The LPS glycoforms expressed on the cell surface can influence the biofilm mode of growth, yet the underlying mechanisms are poorly understood. Although differences in cell adhesion/cohesion may explain the propensity of a strain to form biofilms [122,123,124], the possibility that LPS may interact with matrix material also needs to be investigated. For instance, could CPA promote biofilm maturation by coordinating protein or polysaccharide components within the matrix? The role of LPS in biofilm development has mostly been studied on short time scales, under laboratory conditions. Since changes to LPS occur over the course of a chronic infection, the consequences of these changes on biofilm physiology should also be studied and with more clinically relevant systems. Additionally, other OSA polysaccharides may have more pronounced roles in biofilm development and should be investigated. O antigen also influences the selective packaging of cargo into OMVs, which are another component of biofilms. How O antigen is involved in this process is not understood and represents a significant gap in our knowledge. Unraveling this mechanism and characterizing the proteins that are deliberately packaged into OMVs may give clues to the function of OMVs within planktonic and biofilm communities.

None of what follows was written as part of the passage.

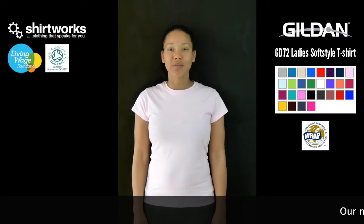This is a Shirtworks product review for the Gildan Soft Style Ladies Fitted Ringspun T-shirt, the GD72.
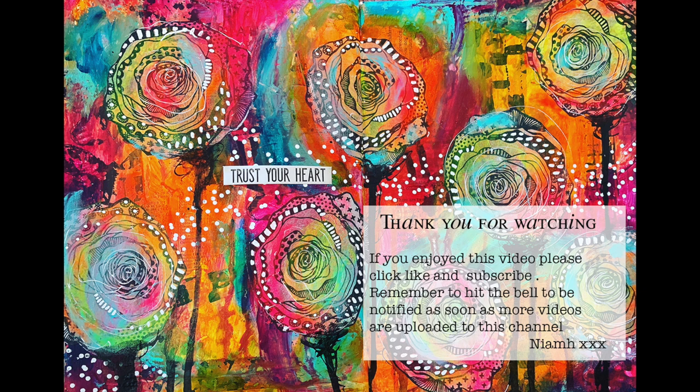I hope you break out your stencils and have a go at making a focal image — it's lots and lots of fun. Have a go at pouring your gloss sprays onto the background too — it's a great way to make an abstract background without too much control. Until next time, bye for now.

A comprehensive understanding of LPS biosynthetic enzymes, gene regulatory pathways, and structure will be essential to developing new antimicrobials against P. aeruginosa and other Gram-negative pathogens. Although some promising compounds targeting LPS biosynthesis and transport have been developed, overcoming the development of resistance is a major hurdle that must be considered. The generation of therapeutics that inhibit the Lipid A modification pathways will be indispensable to mitigating CAMP resistance, while the continued characterization of “natural” antimicrobials that use LPS as a receptor, such as phages and bacteriocins, may be an effective way to develop targeted therapeutics. Finally, although LPS-based P. aeruginosa vaccines had only limited success in the past [199], this may still prove to be a promising prophylactic treatment since the use of OMVs and recombinant bacterial glycosylation pathways to produce glycoconjugates has made these vaccines safer, more effective, and cheaper to produce [200].